▸ Exercise:
Please set down, unchanged, the line containing "Porsche Panamera 2021" and all the lines that follow it until the data below ends.

▸ Given information:
————————

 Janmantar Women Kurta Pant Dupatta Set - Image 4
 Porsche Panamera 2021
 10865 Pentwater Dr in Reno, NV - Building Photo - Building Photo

————————

▸ Task answer:
 Porsche Panamera 2021
 10865 Pentwater Dr in Reno, NV - Building Photo - Building Photo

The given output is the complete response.